In stage two, primary ore will be processed through a plant on-site. The process plant will be built alongside the oxide mining phase and stage-two permitting process.
RTG says the processing plant would take 15 months to build and be a simple crush, grind and float operation producing three concentrates: a 27% copper and 21-gram-gold-per-tonne concentrate, a 3-gram-gold-per-tonne pyrite concentrate and a 65% magnetite concentrate. The plant would produce 38,300 equivalent tonnes copper a year.
Both stages are robust, with DSO enabling start-up and early cash-flow generation within four to five months of getting the DSO operating permits. Capital expenses for the DSO are relatively nominal at US$18 million, and the project could generate net operating cash flow after tax of up to US$68 million.
“The project is one of a few development opportunities that are profitable even today, with the cost profile of US80¢ per equivalent lb. copper, or US$425 per equivalent oz. gold, providing significant protection on the downside,” Magee writes.
Based on a 1.4-million-tonne-per-year treatment rate, the study projects a 33.4% after-tax internal rate of return at metal prices of US$5,000 per tonne copper, US$1,200 per oz. gold and US$50-per-tonne iron.
DSO capex and operating costs are an estimated US$17.4 million and US42¢ per equivalent lb. copper, while plant capex and opex costs run to US$161.4 million (plus US$24.4 million for plant pre-strip) and US80¢ per equivalent lb. copper.
Payback for the plant could take two and a half years.
“Given the high grade [north of 5 grams per tonne equivalent gold reserves] and lowest quartile cost profile, the project is highly leveraged to improvements in commodity prices,” Magee notes. “With just a 10% lift in the copper and gold price, the net present value of the project lifts by more than 30%.”
Mabilo has total indicated resources measuring 8.9 million tonnes grading 1.9% copper, 2 grams gold, 9.8 grams silver and 45.6% iron, while inferred resources stand at 3.9 million tonnes averaging 1.5% copper, 1.5 grams gold, 9.1 grams silver and 29% iron.
Magee points out that it is early days in terms of determining scale and tonnage. “There is exceptional near-term growth potential, with the conversion of 1.6 million tonnes of inferred resources already falling within the pit shells, and high confidence in extensions along strike and down-plunge.
“Given we are one of the few new development projects that are financeable in this market, we have been pleased with the strong demand from both financiers and off-take parties keen to get involved,” she says.
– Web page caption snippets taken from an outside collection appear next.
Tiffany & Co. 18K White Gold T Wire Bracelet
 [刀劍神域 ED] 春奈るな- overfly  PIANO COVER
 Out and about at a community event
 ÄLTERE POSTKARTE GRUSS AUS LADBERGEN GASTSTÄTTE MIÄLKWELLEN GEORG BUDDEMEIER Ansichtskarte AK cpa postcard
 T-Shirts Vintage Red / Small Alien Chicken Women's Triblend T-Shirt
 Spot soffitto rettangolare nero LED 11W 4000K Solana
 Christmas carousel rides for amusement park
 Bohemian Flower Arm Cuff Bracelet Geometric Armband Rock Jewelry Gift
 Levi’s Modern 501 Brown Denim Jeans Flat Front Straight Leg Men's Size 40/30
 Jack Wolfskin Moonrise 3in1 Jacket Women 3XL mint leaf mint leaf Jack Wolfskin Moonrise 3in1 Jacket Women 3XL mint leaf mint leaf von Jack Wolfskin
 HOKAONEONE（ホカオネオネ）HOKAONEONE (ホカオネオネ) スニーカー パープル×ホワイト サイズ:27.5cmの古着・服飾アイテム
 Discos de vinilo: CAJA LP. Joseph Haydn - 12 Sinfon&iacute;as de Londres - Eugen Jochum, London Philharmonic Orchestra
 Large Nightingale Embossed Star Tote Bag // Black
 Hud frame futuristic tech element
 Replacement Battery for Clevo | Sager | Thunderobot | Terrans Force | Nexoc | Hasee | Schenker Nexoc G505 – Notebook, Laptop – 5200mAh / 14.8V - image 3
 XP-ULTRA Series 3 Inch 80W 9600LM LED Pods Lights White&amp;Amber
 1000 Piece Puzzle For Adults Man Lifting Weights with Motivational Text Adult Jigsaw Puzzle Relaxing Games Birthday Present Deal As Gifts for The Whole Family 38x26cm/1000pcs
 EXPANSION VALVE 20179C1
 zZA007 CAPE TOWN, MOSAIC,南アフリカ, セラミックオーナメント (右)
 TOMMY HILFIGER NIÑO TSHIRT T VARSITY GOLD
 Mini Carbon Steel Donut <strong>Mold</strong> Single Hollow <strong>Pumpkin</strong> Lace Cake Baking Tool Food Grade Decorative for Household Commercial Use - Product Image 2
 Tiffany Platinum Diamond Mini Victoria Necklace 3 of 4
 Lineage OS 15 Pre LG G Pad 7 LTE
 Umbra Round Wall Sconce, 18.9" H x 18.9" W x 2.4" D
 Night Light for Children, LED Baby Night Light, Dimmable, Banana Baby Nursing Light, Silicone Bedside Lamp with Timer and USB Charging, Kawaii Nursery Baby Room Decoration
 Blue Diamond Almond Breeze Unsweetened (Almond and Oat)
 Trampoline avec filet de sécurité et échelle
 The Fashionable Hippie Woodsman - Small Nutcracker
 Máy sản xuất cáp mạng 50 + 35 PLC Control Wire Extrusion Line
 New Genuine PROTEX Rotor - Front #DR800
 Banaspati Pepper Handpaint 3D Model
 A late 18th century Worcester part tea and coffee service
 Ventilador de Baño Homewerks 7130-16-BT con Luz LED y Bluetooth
Tara Hassan of Haywood Securities said in a research note that “with low [US$18-million] upfront capital costs for the first phase, RTG is well positioned to commence operations, with only minimal external funding required,” and added that “even after revising our estimates, we forecast that RTG can generate enough free cash flow in phase one to pay for 40% of the phase-two capital costs of US$186 million.”
But the analyst said that despite encouraging economics, “a number of technical areas returned negative surprises that resulted in weaker economics than we considered,” such as “higher capital costs for both phases, lower recoveries and payables, and a higher strip ratio.”
RTG last traded at 60¢ per share in a 52-week trading range of 33¢ to 75¢.